I'm reading a csv file with p, day, month
, and put it in a df
. The goal is to create a date from day, month, current year, and I run into this error for 29th of Feb:
ValueError: cannot assemble the datetimes: day is out of range for month
I would like when this error occurs, to replace the day by the day before. How can we do that? Below are few lines of my pd and datex
at the end is what I would like to get
p day month year datex
0 p1 29 02 2021 28Feb-2021
1 p2 18 07 2021 18Jul-2021
2 p3 12 09 2021 12Sep-2021
Right now, my code for the date is only the below, so I have nan where the date doesn't exist.

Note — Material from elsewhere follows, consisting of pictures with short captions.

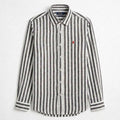 Ralph Lauren 100% French Linen Vintage Shirt, Dark Blue Striped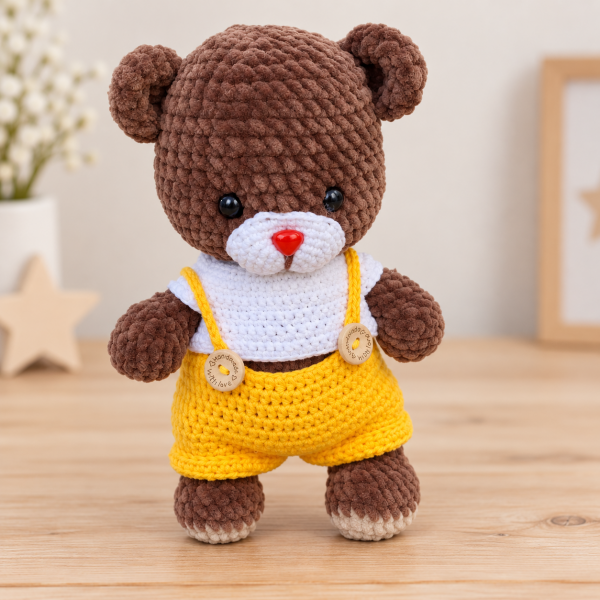 30 cmTulumlu Kadife İp Amigurumi Ayıcık – El Yapımı Oyun Arkadaşı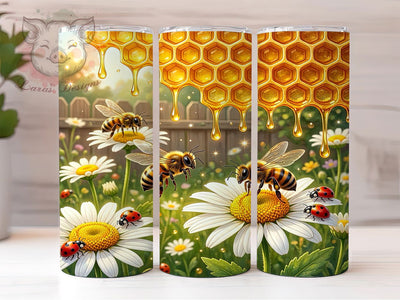 Honeybee Daisy Whimsical Garden 20oz Tumbler, Daisy Garden, Nature Inspired, Floral Scene, Whimsical Style, 20oz Tumbler Wrap, Sublimation PNG Sublimation Lara' s Designs 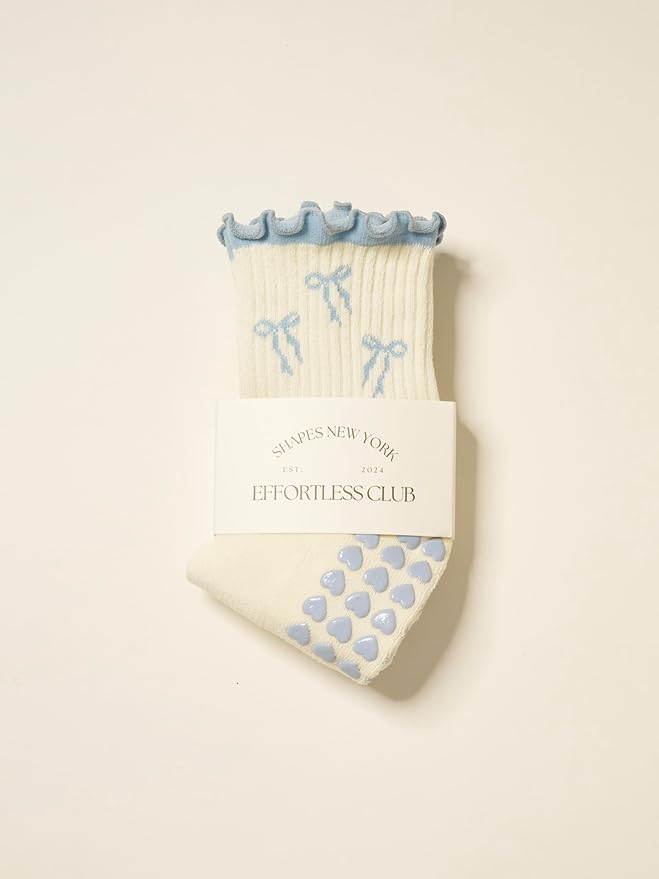 Crew Half Calf Grip Socks, Cutest Fruits Pilates Socks, Ruffle socks, Non-Slip, Barre Yoga Fitness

df['datex'] = pd.to_datetime(df[['year', 'month', 'day']], errors='coerce')
You could try something like this :
df['datex'] = pd.to_datetime(df[['year', 'month', 'day']], errors='coerce')
Indeed, you get NA :
p day year month datex
0 p1 29 2021 2 NaT
1 p2 18 2021 7 2021-07-18
2 p3 12 2021 9 2021-09-12
You could then make a particular case for these NA :
df.loc[df.datex.isnull(), 'previous_day'] = df.day -1
p day year month datex previous_day
0 p1 29 2021 2 NaT 28.0
1 p2 18 2021 7 2021-07-18 NaN
2 p3 12 2021 9 2021-09-12 NaN
df.loc[df.datex.isnull(), 'datex'] = pd.to_datetime(df[['previous_day', 'year', 'month']].rename(columns={'previous_day': 'day'}))
p day year month datex previous_day
0 p1 29 2021 2 2021-02-28 28.0
1 p2 18 2021 7 2021-07-18 NaN
2 p3 12 2021 9 2021-09-12 NaN
You have to create a new day column if you want to keep day = 29 in the day column.